Генерал. Шеф Полиции, где он сейчас? (Девушка отрицательно качает головой.) Ничего? Все еще ничего? В общем, у него всегда все пшик. А мы, мы не теряем наше время?
Девушка (властно). Вовсе нет. Все это нас не касается. Продолжайте. Вы говорили: ради этой минуты, близкой к смерти… затем?
Генерал (беспокойно). …близкой к смерти …где я буду не ничто, но бесконечными отражениями в этих зеркалах, где мой образ… Ты права, расчеши свою гриву. Я требую, чтобы молодая кобыла хорошо выглядела. Итак, сейчас, по зову труб, мы спустимся – я скачущий на тебе – к славе и смерти, так как я иду умирать. Это спуск в могилу, вот о чем речь…
Девушка. Но, мой генерал, вы мертвы со вчерашнего дня.
Генерал. Я знаю… но торжественное и живописное нисхождение по незнакомым лестницам…
Девушка. Вы – генерал мертвый, но красноречивый.
Генерал. Потому что мертвый, болтливая лошадь. Тот, кто говорит, да еще таким красивым голосом – Образец. Я не более, чем образ того, кем я был.

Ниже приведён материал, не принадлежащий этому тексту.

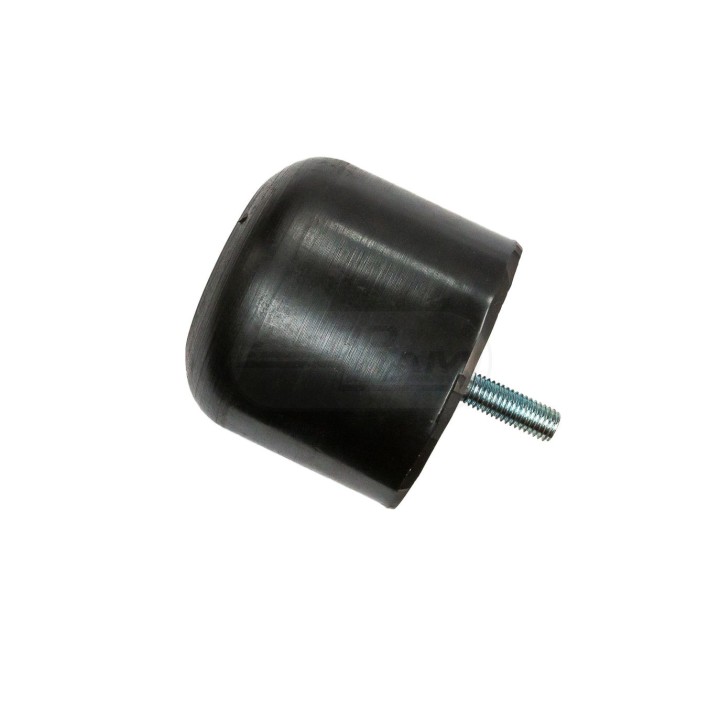 odbój gumowy H-85X95 1 śruba M12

Теперь – ты. Ты наклонишь голову и закроешь глаза, так как я хочу быть генералом в одиночестве. Не для меня, а для моего образа, и мой образ для его образа и так далее. Короче, мы будем между равными. Голубка, ты готова? (Девушка кивает) Итак, едем. Подбери свое гнедое платье, лошадь, мой красивый испанский дрок. (Берет за голову игрушечную лошадку и пододвигает к себе, потом хлещет кнутом.) Привет! (Приветствует свой образ в зеркале.) Прощай, мой генерал! (Разваливается в кресле, кладет ноги на стул и приветствует публику, становясь неподвижным, как труп. Девушка располагается перед стулом, изображая гарцующую лошадь.)
Девушка (торжественно и грустно). Шествие началось… Мы пересекаем город… Мы идем вдоль реки. Я грущу… Небо низкое. Народ оплакивает прекрасного героя, погибшего на войне…

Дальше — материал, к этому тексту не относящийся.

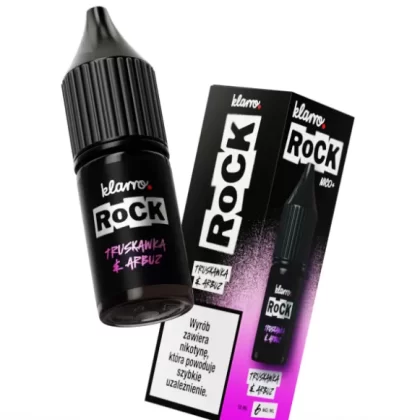 Liquid Klarro Rock 10ml 6mg Truskawka Arbuz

Генерал (подпрыгнув). Голубка!
Девушка (поворачиваясь, в слезах). Мой генерал?
Генерал. Добавь, что я умер стоя! (Снова принимает ту же позу.)
Девушка. Мой герой умер стоя! Шествие продолжается. Твои адъютанты идут впереди меня… Затем я, Голубка, твоя боевая лошадь… Военная музыка играет похоронный марш… (Девушка поет, маршируя на месте, Похоронный Марш Шопена, который подхватывает невидимый духовой оркестр. Вдалеке слышится треск пулемета.)
(Режиссер может прикрепить вожжи, одетые на плечи Девушки, к креслу на колесиках, на котором лежит Генерал, таким образом экипаж может покинуть сцену: Девушка тащит за собой кресло.)